CC always becomes very depressed at the end of this month, he has checked his credit card yesterday, without any surprise, there are only 99.9 yuan left. he is too distressed and thinking about how to tide over the last days. Being inspired by the entrepreneurial spirit of "HDU CakeMan", he wants to sell some little things to make money. Of course, this is not an easy task.

As Christmas is around the corner, Boys are busy in choosing christmas presents to send to their girlfriends. It is believed that chain bracelet is a good choice. However, Things are not always so simple, as is known to everyone, girl's fond of the colorful decoration to make bracelet appears vivid and lively, meanwhile they want to display their mature side as college students. after CC understands the girls demands, he intends to sell the chain bracelet called CharmBracelet. The CharmBracelet is made up with colorful pearls to show girls' lively, and the most important thing is that it must be connected by a cyclic chain which means the color of pearls are cyclic connected from the left to right. And the cyclic count must be more than one. If you connect the leftmost pearl and the rightmost pearl of such chain, you can make a CharmBracelet. Just like the pictrue below, this CharmBracelet's cycle is 9 and its cyclic count is 2:


Now CC has brought in some ordinary bracelet chains, he wants to buy minimum number of pearls to make CharmBracelets so that he can save more money. but when remaking the bracelet, he can only add color pearls to the left end and right end of the chain, that is to say, adding to the middle is forbidden.
CC is satisfied with his ideas and ask you for help.

Input

The first line of the input is a single integer T ( 0 < T <= 100 ) which means the number of test cases.
Each test case contains only one line describe the original ordinary chain to be remade. Each character in the string stands for one pearl and there are 26 kinds of pearls being described by 'a' ~'z' characters. The length of the string Len: ( 3 <= Len <= 100000 ).

Output

For each case, you are required to output the minimum count of pearls added to make a CharmBracelet.

Sample Input

3

aaa

abca

abcde

Sample Output

0

2

5

题意描述:

求一个字符串可以通过加上最少的字节使它成为一个至少循环两次的字符串,输出最少字节数。

解题思路:

求出next[]数组,得到字符串每个位置的最大前缀,通过最后一个字节的next[]值的多少及字符长度的大小得出结果。
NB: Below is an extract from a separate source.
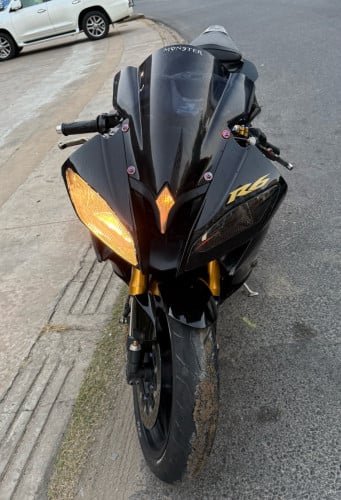 Yamaha R6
●字符串长度减去next[]最后字节值为字符串中循环节的长度。

  1. 当next[]最后字节值为0是说明在前面无发生循环,加字符串长度的字节形成循环。
  2. 当字符串长度是循环节的倍数时,说明字符串刚好是循环的整数倍,无需再添加字节。
  3. 否则就需添加循环节的长度与字符串长度对循环节长度的余数的差值。     
#include<stdio.h>
#include<string.h>
int next[100010],lena;
char a[100010];
void get_next(char a[],int lena)
{
	int i,j;
	j=0;
	i=1;
	while(i<=lena-1)
	{
		if(a[i]==a[j])
		{
			next[i]=j+1;
			i++;
			j++;
		}
		if(j==0&&a[i]!=a[j])
		{
			next[i]=0;
			i++;
		}
		if(j>0&&a[i]!=a[j])
			j=next[j-1];
	}
}
int main()
{
	int t;
	while(scanf("%d\n",&t)!=EOF)
	{
		while(t--)
		{
			gets(a);
			lena=strlen(a);
			get_next(a,lena);
			if(next[lena-1]==0)
				printf("%d\n",lena);// next数组最后值为0,说明前面无循环 
			else
			{
				if(lena%(lena-next[lena-1])==0)//刚好为循环的整数倍 
					printf("0\n");
				else
					printf("%d\n",(lena-next[lena-1])-lena%(lena-next[lena-1]));
			}
		}
	}
	return 0;
}